Commuter by Miles Tripp: It was exactly 9.07. But where was the 9.07 crowd, and where was the 9.07 train. Miles Tripp’s henpecked commuter has a boring job filing Employment statistics, while his wife Mabel has – in his opinion - a carefree time at home, doing more or less as she likes, with no children to bother her. When the train doesn’t arrive, he decides to risk being under Mabel’s feet all day and staying at home himself. The phrase
under her feet sends him into a rage, and that’s where this story moves into EC Comic Book territory. But the ending might not be quite what you expect. Enjoyed this!
Two horses, Rose and Terror by George Mackay Brown: ‘Obviously,’ said Lothar, ‘I can’t kill Bjorn myself.
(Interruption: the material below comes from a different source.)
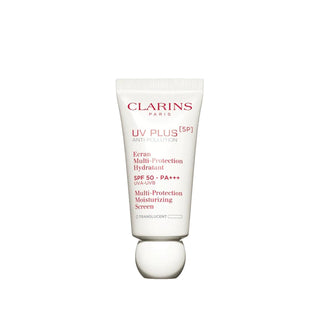 Clarins UV Plus 5P Anti-Pollution SPF50 Translucent Sunscreen: Ultimate UV & Pollution Protection, Hydrating, No White Cast Clarins SPF50 Sunscreen: UV & Pollution Protection | No White Cast sunscreen, SPF50 sunscreen, anti-pollution sunscreen, UV protection, sun protection, translucent sunscreen, moisturizing sunscreen, Clarins sunscreen, daily sunscreen, face sunscreen, sun protection, UVA protection, UVB protection, pollution protection, hydration, moisturizer, no white cast, radiant skin, healthy skin,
He is a popular chief. The islanders might turn from me if they knew I was Bjorn’s murderer. So you will put the knife into him.’
‘Lothar,’ I said, ‘I might live, if I’m lucky, for two minutes after Bjorn’s death. The retainers will make a red honeycomb of me. They’ll throw me into the fire.’
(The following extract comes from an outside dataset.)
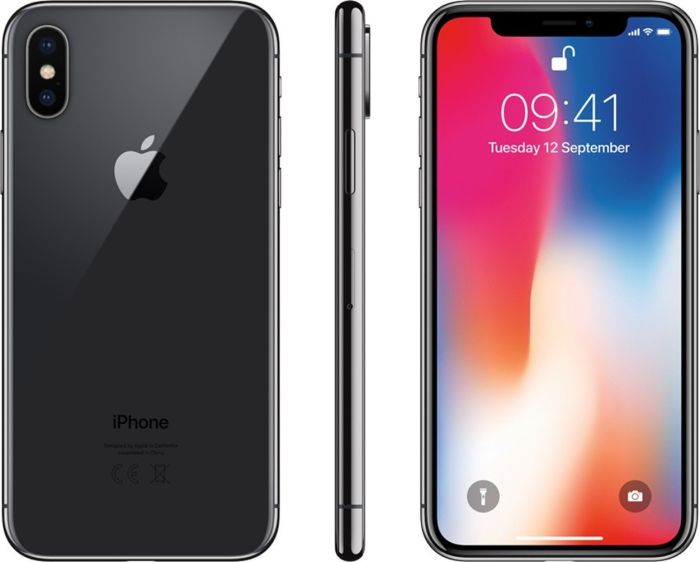 iPhone X - Refurbished Apple Smartphone Kopen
But Lothar tells his bondsman not to fear, because he will be there to speak for him and will tell the people how evil and degenerate Bjorn has become in his old age; and that with Bjorn dead, his daughter will be free to marry the young man. In the event, of course, Lothar betrays the bondsman, and the rest of the story looks at the other ways the story might end, and how a basic and elemental tale becomes transmuted over the ages by the theme of love. An intriguing piece which both illustrates and explains how style can rule over content.
Julie Howard, Where Are You Now? is the notice Francis Willard puts in the Personal Column of the Daily Telegraph on the first Monday of every month, ‘partly in hope, but increasingly in memoriam.’
In fact, Julie has been abducted by Dr Hendrix, who needs her for an experiment he is carrying out on animals, combating the effects of radiation with doses of vitamins. Julie shares the animals’ quarters, and due to the top secret nature of Hendrix’s work, no-one else ever enters. The cobalt Irradiation Unit is ‘terribly dangerous.’
One short dose and your skin would start to fall off you.If this was a Herbert van Thal anthology we'd know exactly how this would end. But it wasn't.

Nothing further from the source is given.